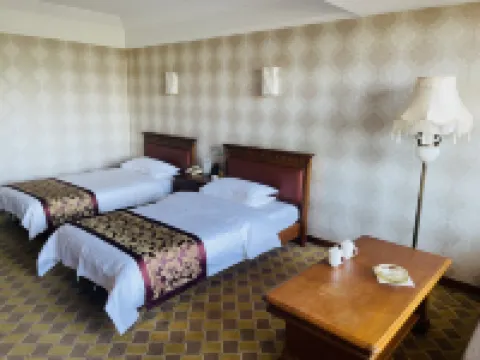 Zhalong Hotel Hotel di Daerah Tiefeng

---

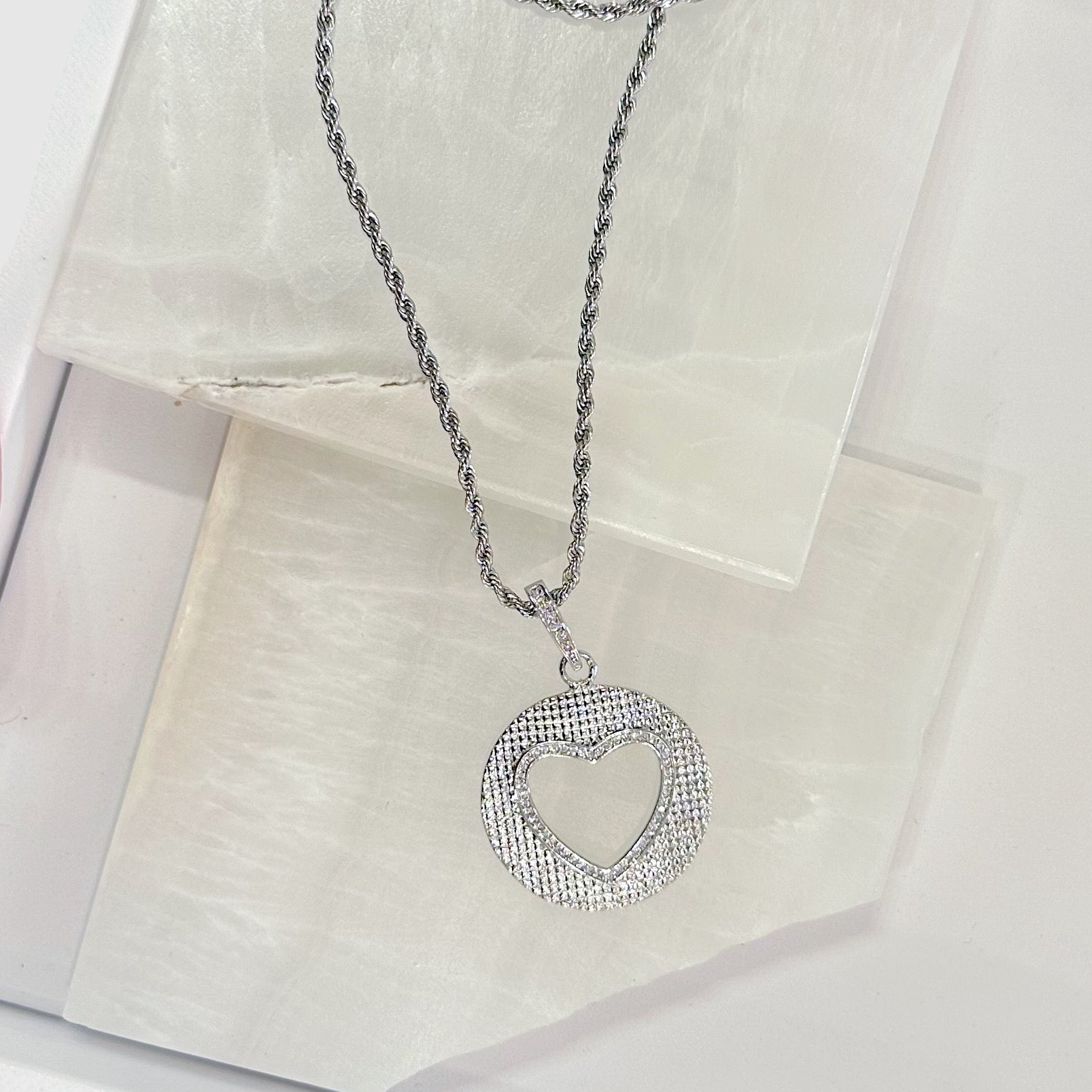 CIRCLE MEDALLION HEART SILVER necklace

--

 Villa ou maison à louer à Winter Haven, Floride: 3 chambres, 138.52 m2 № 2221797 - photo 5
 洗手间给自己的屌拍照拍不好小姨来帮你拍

EXERCISE: In the listing above, transcribe exactly everything from the line containing "Villa ou maison" down to the line containing "洗手间给自己的屌拍照拍不好小姨来帮你拍", including both and nothing more.

COMPLETED EXERCISE:
 Villa ou maison à louer à Winter Haven, Floride: 3 chambres, 138.52 m2 № 2221797 - photo 5
 洗手间给自己的屌拍照拍不好小姨来帮你拍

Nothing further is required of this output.